A mulher estava sentada no assoalho do vagão. Um mínimo descuido e a criança poderia acabar embaixo do trem. Eu tenho uma filha de um ano e meio. Foi inevitável pensar nela.
Talvez, o fato de ser pai, tenha me dado um pouco mais de compreensão sobre o desespero dessas pessoas. Ninguém levaria a família para uma viagem tão extenuante e perigosa se tivesse outra opção. Os migrantes saem de seus países de origem com pouco ou nenhum dinheiro.
Caminham por dias, passam calor, frio, sede e fome. Perguntei a um menino de 11 anos sobre o que ele mais sentia falta desde que havia começado a jornada. A resposta foi "comida".
Fugindo da violência
As histórias dos migrantes ilegais são muito parecidas. Deixam países como Honduras, Guatemala e El Salvador para fugir da miséria e da violência. A minoria consegue entrar nos Estados Unidos legalmente. Só no ano passado, pelo menos, 283 pessoas morreram nessa rota, segundo o Controle de Fronteira norte-americano.
A maioria dos migrantes é deportada. Além de frustrados, muitos voltam para seu países em situação pior do que saíram. É o caso de Hector, que entrevistamos em Honduras. Ele caiu do teto de La Bestia aos 17 anos. Teve uma perna decepada pelas rodas do trem e ficou abandonado no deserto mexicano por três dias. Inconsciente, foi resgatado por um grupo de voluntários quando urubus bicavam seu corpo.
A história de Hector me acompanhou na segunda vez em que subi no La Bestia. Dessa vez, fomos no teto do vagão. Depois do estresse dos primeiros minutos no alto do trem, você se acostuma com o balanço, o vento e o sol. É quando o perigo aumenta. Os migrantes sobem no trem já cansados de muitos dias viagem, desidratados e desnutridos. Se dormirem ou ficarem desatentos podem cair ou ser derrubados pelos galhos das árvores que margeiam a linha férrea.
Não existe qualquer forma de segurança no La Bestia. Os passageiros clandestinos vão expostos. Apesar de paupérrimos, os migrantes são alvos frequentes dos criminosos que sobem e descem do trem em movimento com facilidade.
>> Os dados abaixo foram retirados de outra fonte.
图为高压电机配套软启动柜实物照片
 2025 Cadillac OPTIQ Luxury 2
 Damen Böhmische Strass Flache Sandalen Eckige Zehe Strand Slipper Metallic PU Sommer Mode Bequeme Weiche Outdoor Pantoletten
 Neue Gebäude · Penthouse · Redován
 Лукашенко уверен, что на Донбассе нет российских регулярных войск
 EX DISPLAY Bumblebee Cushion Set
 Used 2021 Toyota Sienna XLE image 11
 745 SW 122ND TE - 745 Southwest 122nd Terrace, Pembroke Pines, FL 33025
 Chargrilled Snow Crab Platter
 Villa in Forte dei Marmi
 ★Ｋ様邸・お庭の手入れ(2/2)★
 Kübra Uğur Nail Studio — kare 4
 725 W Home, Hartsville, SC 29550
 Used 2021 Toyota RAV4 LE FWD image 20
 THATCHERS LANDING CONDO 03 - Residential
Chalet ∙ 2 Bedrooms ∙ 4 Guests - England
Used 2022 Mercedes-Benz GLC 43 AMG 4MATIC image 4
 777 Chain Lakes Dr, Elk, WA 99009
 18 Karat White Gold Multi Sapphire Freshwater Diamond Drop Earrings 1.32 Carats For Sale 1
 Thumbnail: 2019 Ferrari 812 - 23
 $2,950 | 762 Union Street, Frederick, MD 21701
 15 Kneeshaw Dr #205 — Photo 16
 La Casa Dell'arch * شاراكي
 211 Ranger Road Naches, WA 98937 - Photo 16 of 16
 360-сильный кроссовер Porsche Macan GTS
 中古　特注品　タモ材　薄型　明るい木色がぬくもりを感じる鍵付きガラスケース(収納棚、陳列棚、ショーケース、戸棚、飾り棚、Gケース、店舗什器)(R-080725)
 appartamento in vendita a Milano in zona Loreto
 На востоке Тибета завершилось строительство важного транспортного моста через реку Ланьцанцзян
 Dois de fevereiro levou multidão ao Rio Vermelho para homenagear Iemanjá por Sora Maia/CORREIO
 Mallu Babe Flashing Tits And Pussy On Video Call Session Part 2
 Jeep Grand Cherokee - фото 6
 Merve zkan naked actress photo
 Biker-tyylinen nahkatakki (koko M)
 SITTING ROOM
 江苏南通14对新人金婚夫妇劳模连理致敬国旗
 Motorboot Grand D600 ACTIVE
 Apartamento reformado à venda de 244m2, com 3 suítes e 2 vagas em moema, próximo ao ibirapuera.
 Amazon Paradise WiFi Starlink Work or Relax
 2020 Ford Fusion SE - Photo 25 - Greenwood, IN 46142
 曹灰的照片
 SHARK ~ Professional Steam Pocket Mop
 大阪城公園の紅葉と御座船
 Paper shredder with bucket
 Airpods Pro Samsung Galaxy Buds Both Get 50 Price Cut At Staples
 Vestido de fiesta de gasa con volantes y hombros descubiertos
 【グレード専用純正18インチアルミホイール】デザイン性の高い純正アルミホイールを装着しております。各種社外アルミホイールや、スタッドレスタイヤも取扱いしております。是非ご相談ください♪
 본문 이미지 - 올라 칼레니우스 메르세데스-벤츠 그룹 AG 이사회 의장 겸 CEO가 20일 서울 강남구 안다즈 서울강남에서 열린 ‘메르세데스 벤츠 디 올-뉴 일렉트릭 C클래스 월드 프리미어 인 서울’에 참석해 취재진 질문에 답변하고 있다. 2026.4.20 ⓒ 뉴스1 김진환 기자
Se não têm algo para entregar aos ladrões podem ser atirados de cima dos vagões. As crianças e as mulheres são ainda mais vulneráveis. As autoridades americanas calculam que de cada três mulheres que fazem a viagem no trem da morte uma é estuprada.
Perigo em Vera Cruz
Nós sabíamos disso quando atravessamos o continente para contar as histórias do La Bestia. Essas informações pesaram no momento mais decisivo dos 21 dias de viagem pela rota da migração ilegal. Todo o caminho do trem é perigoso, mas o trecho de Medias Aguas, no estado de Vera Cruz, é especialmente delicado.
Nosso guia, um experiente fotógrafo mexicano, nos alertou. "Lá, eles não roubam nem sequestram jornalistas. Eles matam". Seria algo como caminhar pelas ruas de um morro carioca dominado pelo tráfico com uma câmera no ombro e sem a autorização do "dono da boca".
Corríamos o risco de perder o La Bestia se não subíssemos nessa região. Como ninguém sabe quando os trens dessa linha partem ou param, poderíamos ter nosso cronograma de viagem alterado ou até não conseguir mais gravar em cima dos vagões. Decidimos recuar. Foi a decisão correta. No dia seguinte, subimos no trem em outro trecho, um pouco menos perigoso. Concluímos o trabalho.
Voltamos para o Brasil em segurança, mas não iguais. Não tem como não se transformar depois de tudo o que presenciamos e vivemos. O apito do trem, agora, tem outro sentido pra mim.